The terms and covenants under the revolving credit facilities require quarterly payments of 6.0 basis points per annum on the committed amounts for both agreements. This rate is based on the credit ratings of TJX’s long-term debt and will vary with specified changes in the credit ratings. These agreements have no compensating balance requirements and have various covenants. Each of these facilities require TJX to maintain a ratio of funded debt and four-times consolidated rentals to consolidated earnings before interest, taxes, consolidated rentals, depreciation and amortization (EBITDAR) of not more than 2.75 to 1.00 on a rolling four-quarter basis. TJX was in compliance with all covenants related to its credit facilities at the end of all periods presented.

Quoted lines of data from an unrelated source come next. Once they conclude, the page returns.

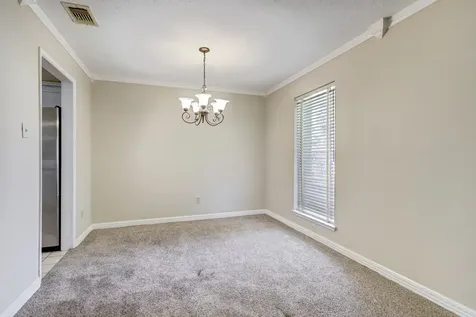 3706 Haven Pines Drive Kingwood TX 77345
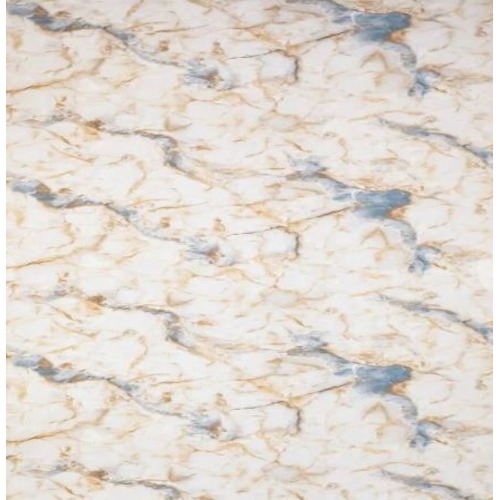 Marble Substitute for Entrances Size 3 meters × 122 cm Rectangle Beige | Luxury line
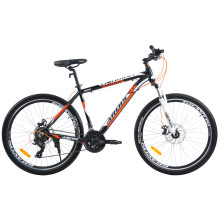 Велосипед ARDIS NORMAN 27.5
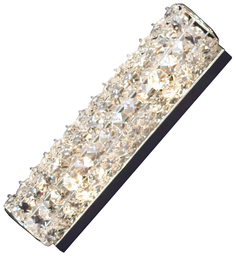 Бра Lussole LSL-8701-02 G9
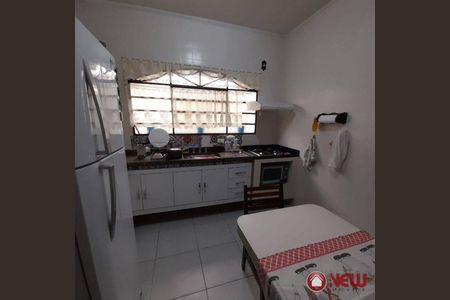 11_photo/94ce5ff59d.fc71c6367f0f28fd-ATLAS-4b7e3347-7de1-4354-8ccc-840c72628fbf.jpg de casa para alugar com 3 quartos, 125m² em Jardim Santa Francisca, Guarulhos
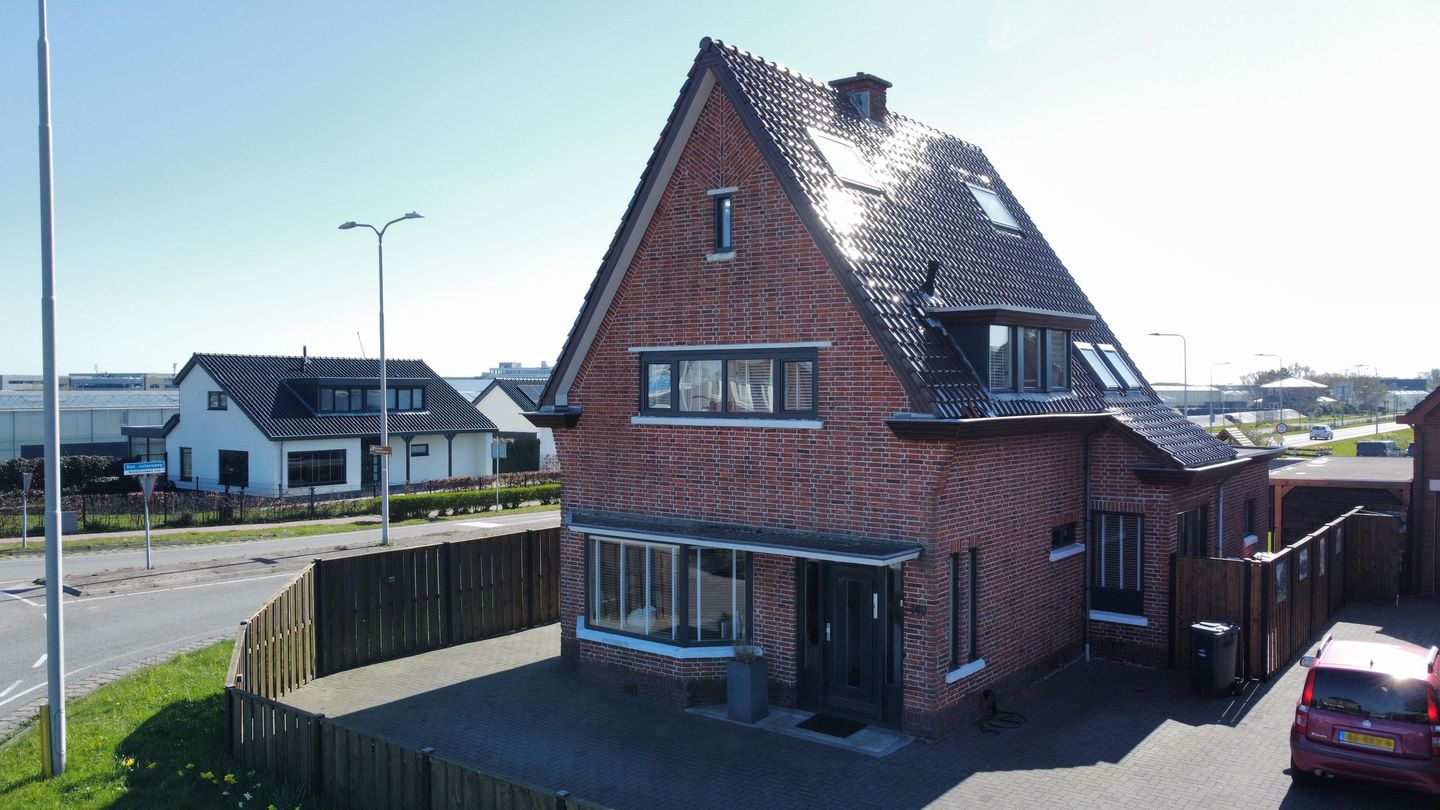 Foto 35 van Monsterseweg 149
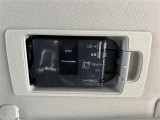 CX-3 1.5 XD ツーリング 本革シート 修復歴無し
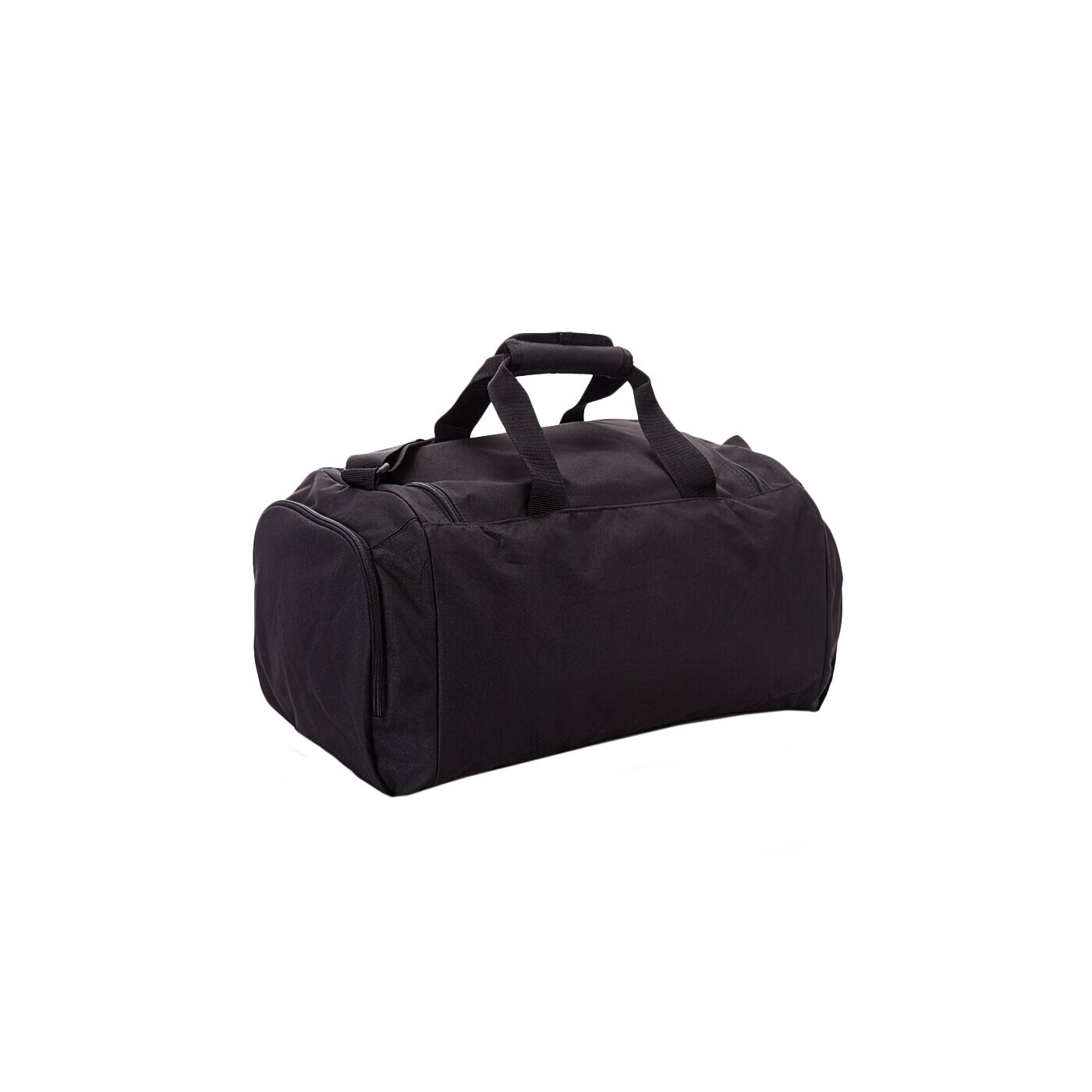 Torba sportowa damska ADIDAS TORBA LINEAR ESS TBS z26295 kolor czarny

As of February 3, 2018 and January 28, 2017, and during the years then ended, there were no amounts outstanding under these facilities.

As of February 3, 2018 and January 28, 2017, TJX Canada had two uncommitted credit lines, a C$10 million facility for operating expenses and a C$10 million letter of credit facility. As of February 3, 2018 and January 28, 2017, and during the years then ended, there were no amounts outstanding on the Canadian credit line for operating expenses. As of February 3, 2018 and January 28, 2017, our European business at TJX International had an uncommitted credit line of £5 million. As of February 3, 2018 and January 28, 2017, and during the years then ended, there were no amounts outstanding on the European credit line.